If you changed your name when you married, you must advise the Social Security Administration to update your records and issue a new Social Security card by using Form SS-5. If you or your spouse has a new address, you should notify the IRS directly by completing Form 8822, Change of Address. Notifying the Postal Service and the IRS of an address change helps ensure proper delivery of any refund checks andcorrespondence from the IRS.

Choose the best filing status

Married persons may file their income tax returns either jointly or separately. Choosing the most beneficial filing status can help save money on your taxes. When filing jointly, spouses combine their income and deduct their total expenses and deductions on a single tax return. Both spouses must sign the return and both are responsible for its contents. With separate tax returns, each spouse completes, signs and files his or her own return. When you file separately, each spouse is
responsible for his or her own tax return. Generally, filing jointly results in a lower tax bill, but it's a good idea to figure your taxes both ways to be sure. Keep in mind that if you file separately and one spouse itemizes deductions, the other spouse must do the same.

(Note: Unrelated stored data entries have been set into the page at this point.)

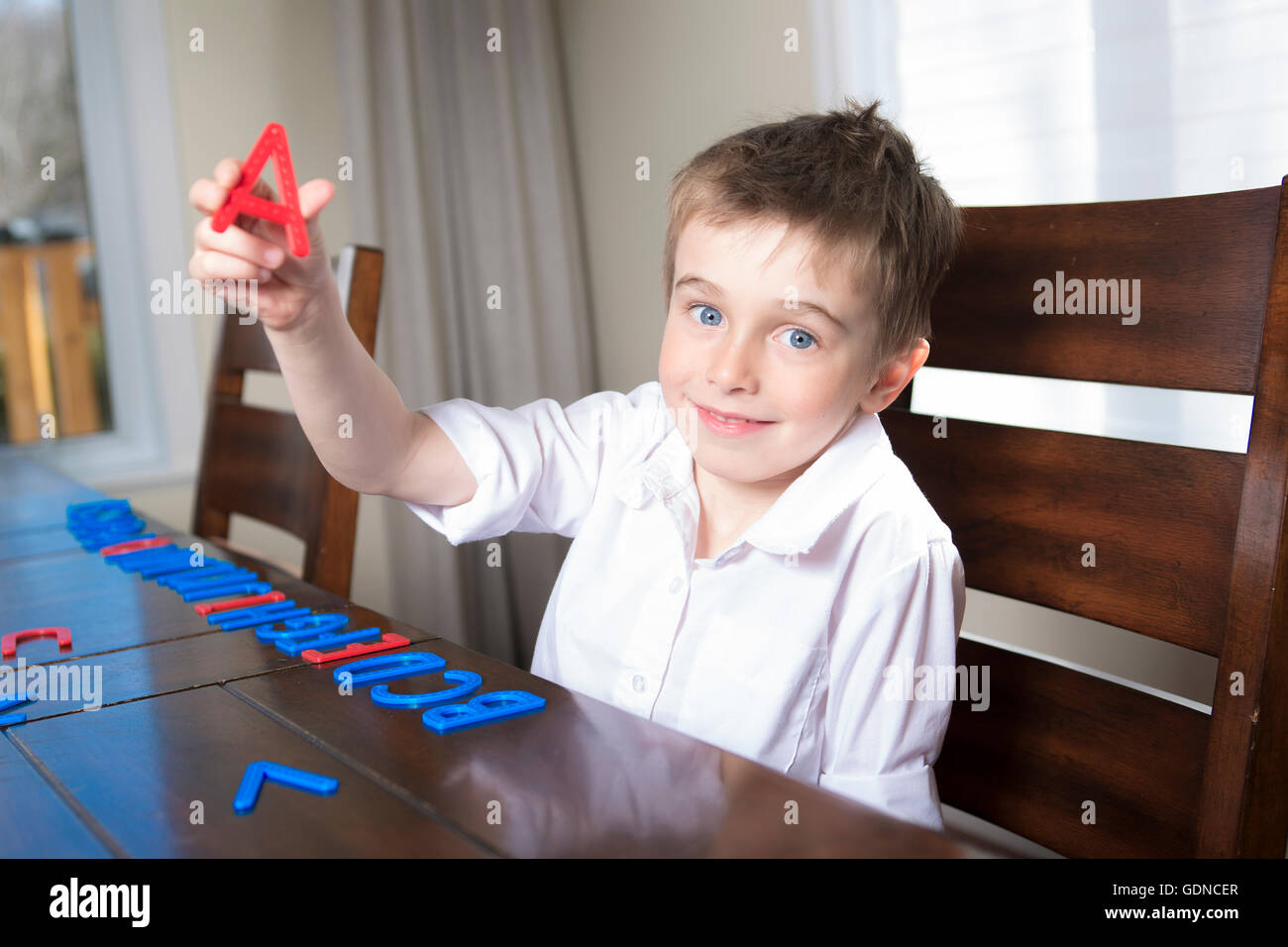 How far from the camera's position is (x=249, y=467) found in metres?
1.43

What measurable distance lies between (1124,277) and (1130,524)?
0.60 ft

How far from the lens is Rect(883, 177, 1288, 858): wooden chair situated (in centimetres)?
70

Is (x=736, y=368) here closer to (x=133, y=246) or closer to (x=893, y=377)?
(x=893, y=377)

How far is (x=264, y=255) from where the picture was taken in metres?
0.63

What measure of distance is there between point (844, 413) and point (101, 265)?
2048mm

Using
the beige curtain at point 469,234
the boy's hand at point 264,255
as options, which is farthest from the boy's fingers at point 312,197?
the beige curtain at point 469,234

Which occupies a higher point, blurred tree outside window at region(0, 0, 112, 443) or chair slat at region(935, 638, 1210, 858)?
blurred tree outside window at region(0, 0, 112, 443)

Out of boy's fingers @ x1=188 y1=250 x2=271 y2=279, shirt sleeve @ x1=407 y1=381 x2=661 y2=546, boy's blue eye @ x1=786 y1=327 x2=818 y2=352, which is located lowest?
shirt sleeve @ x1=407 y1=381 x2=661 y2=546

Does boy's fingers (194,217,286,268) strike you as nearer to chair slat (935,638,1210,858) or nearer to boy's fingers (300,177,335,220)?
boy's fingers (300,177,335,220)

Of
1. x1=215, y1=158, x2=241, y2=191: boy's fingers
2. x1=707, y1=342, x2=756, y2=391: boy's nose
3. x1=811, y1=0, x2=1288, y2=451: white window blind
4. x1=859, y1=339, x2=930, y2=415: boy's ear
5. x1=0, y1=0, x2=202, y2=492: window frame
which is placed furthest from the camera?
x1=0, y1=0, x2=202, y2=492: window frame

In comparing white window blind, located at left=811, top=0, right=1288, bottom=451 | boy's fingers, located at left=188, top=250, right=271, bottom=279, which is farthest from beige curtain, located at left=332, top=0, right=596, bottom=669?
boy's fingers, located at left=188, top=250, right=271, bottom=279

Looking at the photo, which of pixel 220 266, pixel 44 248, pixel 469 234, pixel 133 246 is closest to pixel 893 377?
pixel 220 266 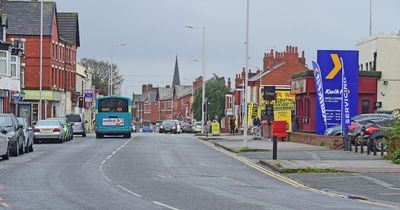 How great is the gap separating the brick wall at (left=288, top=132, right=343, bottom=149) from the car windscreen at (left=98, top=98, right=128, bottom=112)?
509 inches

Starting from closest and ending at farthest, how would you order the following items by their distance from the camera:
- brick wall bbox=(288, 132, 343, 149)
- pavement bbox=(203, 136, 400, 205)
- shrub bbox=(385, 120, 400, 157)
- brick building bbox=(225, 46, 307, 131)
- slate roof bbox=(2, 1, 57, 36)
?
pavement bbox=(203, 136, 400, 205) → shrub bbox=(385, 120, 400, 157) → brick wall bbox=(288, 132, 343, 149) → slate roof bbox=(2, 1, 57, 36) → brick building bbox=(225, 46, 307, 131)

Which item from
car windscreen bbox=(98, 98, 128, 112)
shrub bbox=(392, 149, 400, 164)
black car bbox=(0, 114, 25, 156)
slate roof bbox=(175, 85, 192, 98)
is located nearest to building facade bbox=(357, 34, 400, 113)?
car windscreen bbox=(98, 98, 128, 112)

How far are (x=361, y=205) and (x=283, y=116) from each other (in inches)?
1769

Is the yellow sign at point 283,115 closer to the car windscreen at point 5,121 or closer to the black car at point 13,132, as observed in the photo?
the black car at point 13,132

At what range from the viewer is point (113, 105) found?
5662 centimetres


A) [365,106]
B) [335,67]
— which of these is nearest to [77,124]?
[365,106]

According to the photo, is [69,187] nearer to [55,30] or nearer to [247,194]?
[247,194]

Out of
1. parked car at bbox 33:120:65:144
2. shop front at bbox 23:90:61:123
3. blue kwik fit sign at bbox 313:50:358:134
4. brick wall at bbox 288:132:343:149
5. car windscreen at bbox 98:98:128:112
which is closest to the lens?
brick wall at bbox 288:132:343:149

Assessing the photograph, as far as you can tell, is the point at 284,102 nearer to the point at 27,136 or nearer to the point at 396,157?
the point at 27,136

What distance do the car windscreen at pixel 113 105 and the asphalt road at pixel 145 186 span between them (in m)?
26.0

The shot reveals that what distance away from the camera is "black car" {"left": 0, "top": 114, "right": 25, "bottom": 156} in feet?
103

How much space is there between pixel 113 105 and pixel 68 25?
41.0 meters

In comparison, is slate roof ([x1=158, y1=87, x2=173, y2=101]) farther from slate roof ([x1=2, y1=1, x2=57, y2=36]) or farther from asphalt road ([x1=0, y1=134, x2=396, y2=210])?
asphalt road ([x1=0, y1=134, x2=396, y2=210])

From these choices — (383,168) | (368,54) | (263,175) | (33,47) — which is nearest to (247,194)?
(263,175) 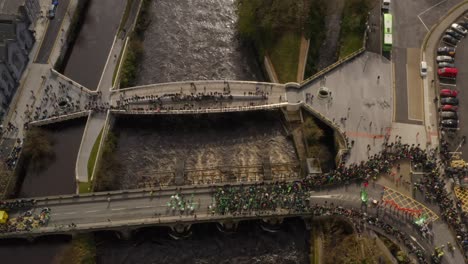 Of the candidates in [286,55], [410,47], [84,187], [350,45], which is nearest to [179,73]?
[286,55]

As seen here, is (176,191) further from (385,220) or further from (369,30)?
(369,30)

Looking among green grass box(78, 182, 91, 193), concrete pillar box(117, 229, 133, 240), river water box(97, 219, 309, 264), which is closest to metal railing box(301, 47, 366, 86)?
river water box(97, 219, 309, 264)

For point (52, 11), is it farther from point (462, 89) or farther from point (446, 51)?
point (462, 89)

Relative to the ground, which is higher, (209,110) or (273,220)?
Answer: (209,110)

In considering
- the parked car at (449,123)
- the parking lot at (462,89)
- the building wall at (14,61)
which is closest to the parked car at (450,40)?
the parking lot at (462,89)

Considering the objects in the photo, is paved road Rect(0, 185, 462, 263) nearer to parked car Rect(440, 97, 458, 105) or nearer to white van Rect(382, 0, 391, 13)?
parked car Rect(440, 97, 458, 105) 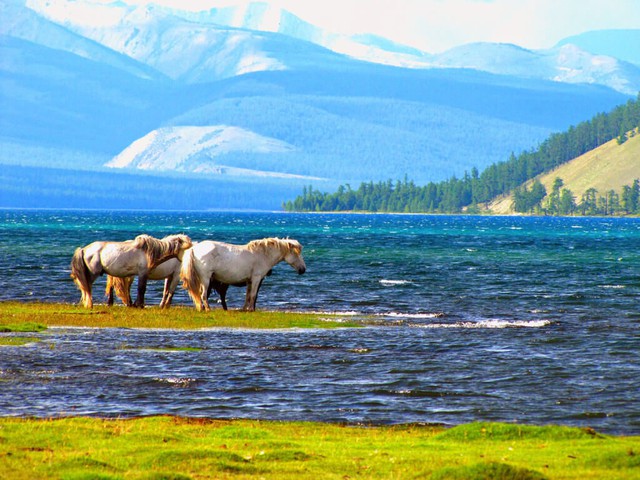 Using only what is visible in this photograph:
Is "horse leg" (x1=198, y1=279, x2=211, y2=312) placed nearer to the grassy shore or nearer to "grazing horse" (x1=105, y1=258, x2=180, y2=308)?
"grazing horse" (x1=105, y1=258, x2=180, y2=308)

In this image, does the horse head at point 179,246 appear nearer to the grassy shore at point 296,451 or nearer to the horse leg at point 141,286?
the horse leg at point 141,286

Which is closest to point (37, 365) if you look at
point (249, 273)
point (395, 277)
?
point (249, 273)

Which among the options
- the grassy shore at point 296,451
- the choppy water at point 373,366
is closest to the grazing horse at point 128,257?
the choppy water at point 373,366

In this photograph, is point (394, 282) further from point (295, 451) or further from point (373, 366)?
point (295, 451)

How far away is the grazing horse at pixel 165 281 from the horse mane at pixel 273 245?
3.20 meters

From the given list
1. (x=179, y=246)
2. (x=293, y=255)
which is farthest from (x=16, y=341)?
(x=293, y=255)

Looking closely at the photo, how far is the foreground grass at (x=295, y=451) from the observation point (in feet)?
66.1

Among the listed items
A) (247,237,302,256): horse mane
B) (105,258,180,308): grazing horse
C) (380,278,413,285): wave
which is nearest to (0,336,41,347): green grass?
(105,258,180,308): grazing horse

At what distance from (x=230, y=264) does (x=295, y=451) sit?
2564 cm

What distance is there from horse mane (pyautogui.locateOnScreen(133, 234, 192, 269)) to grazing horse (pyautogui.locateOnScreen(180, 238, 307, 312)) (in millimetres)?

Understand the marriage penalty

The marriage penalty refers to the provision in the tax law that results in married couples with two incomes paying more federal income tax on their combined income than they would pay if they were single. In recent years, there have been a number of tax law changes that provided some relief from the marriage penalty. Those changes were set to expire at the end of 2004. Fortunately, late last year, the Working Families Tax Relief Act of 2004 extended those relief provisions through 2010. As a result, the 15 percent bracket for joint filers is double that of a single person. The law also allows married persons filing jointly to claim a
basic standard deduction that is double that of single taxpayers.

Itemize or not?

Amounts paid for medical care, mortgage interest, charitable contributions, casualty losses and certain miscellaneous expenses can reduce your taxable income - lowering your tax. Newly married taxpayers may find that by filing a joint tax return they can now itemize, rather than take the standard deduction. To itemize deductions, you must use Form 1040.

Check on IRA deduction

Taxpayers who were able to deduct IRA contributions when single may find that they no longer qualify. If you or your spouse is covered by a retirement plan at work, you may be entitled to only a partial deduction or no deduction at all, depending on your adjusted gross income (AGI) and filing status. Keep in mind that, although you may not be able to deduct your contribution, amounts deposited into an IRA grow tax deferred and help secure a comfortable retirement.

Meet with a CPA

A CPA can provide you with valuable advice for lowering your tax bill. It's a good idea for you and your spouse to arrange for a consultation with a CPA now, while you still have time to implement tax-saving strategies.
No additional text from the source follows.